Pertama, maraknya tekanan faksi-faksi kuat DPRD terhadap kepala daerah untuk agenda transaksional. Baik penataan personalia ASN di pemerintah kabupaten/kota. Maupun untuk penguasaan proyek-proyek strategis.
Kedua, terdapat kecenderungan impeach kepala daerah. Diganti wakil kepala daerah yang telah berkoalisi dengan faksi-faksi kuat DPRD. Atau (diharapkan) diganti melalui mekanisme pemilihan oleh DPRD.
Ketiga, maraknya penyanderaan hukum untuk saling menjatuhkan. Khususnya melalui isu-isu korupsi.

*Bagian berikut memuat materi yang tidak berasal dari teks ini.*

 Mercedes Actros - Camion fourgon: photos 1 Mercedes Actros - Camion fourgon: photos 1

Dinamika itu memicu instabilitas pemerintahan daerah secara berkepanjangan. Selama periode jabatan, diwarnai pertengkaran legislatif-eksekutif. Rakyat dikorbankan. Hak memperoleh kemajuan dalam pembangunan menjadi terabaikan.
Fenomena itu menggiring kesadaran bersama. Ambang batas tinggi mendorong terciptanya stabilitas pemerintaan. Dukungan mayoritas DPRD akan menjamin stabilitas pemerintahan daerah. Maka dibuat threshold tinggi. Kini dibatalkan MK.

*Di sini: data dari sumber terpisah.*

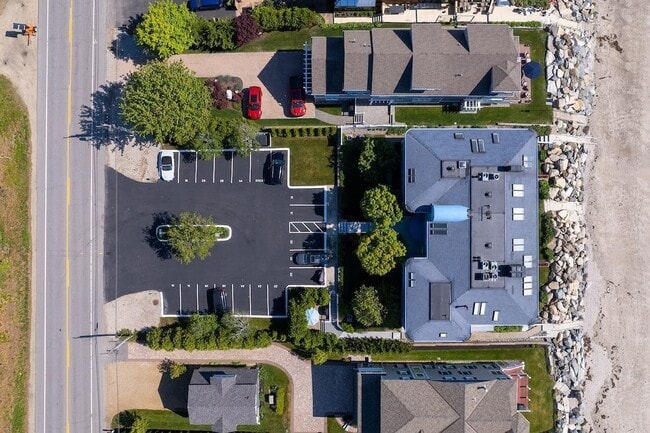 Building Photo - 1044 Ocean Blvd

Putusan MK-60 itu sebenarnya hanya memutar jarum sejarah. Kembali pada era dimana instabilitas pemerintahan daerah dikhawatirkan terjadi. Akan tetapi itu domain MK. Tidak bisa diabaikan.
Perlu kebijakan jalan Tengah. Policy untuk mengatasi potensi instabilitas pemerintahan daerah. Seberapapun ambang threshold kepala daerah.
Pertama, perlu blue print skala perioritas pembangunan daerah. Untuk menghindarkan show of force kebijakan prestise dengan mengorbankan kebutuhan prioritas daerah. Juga menghindarkan lolosnya proyek-proyek transaksional dengan melabrak kebijakan-kebijakan prioritas.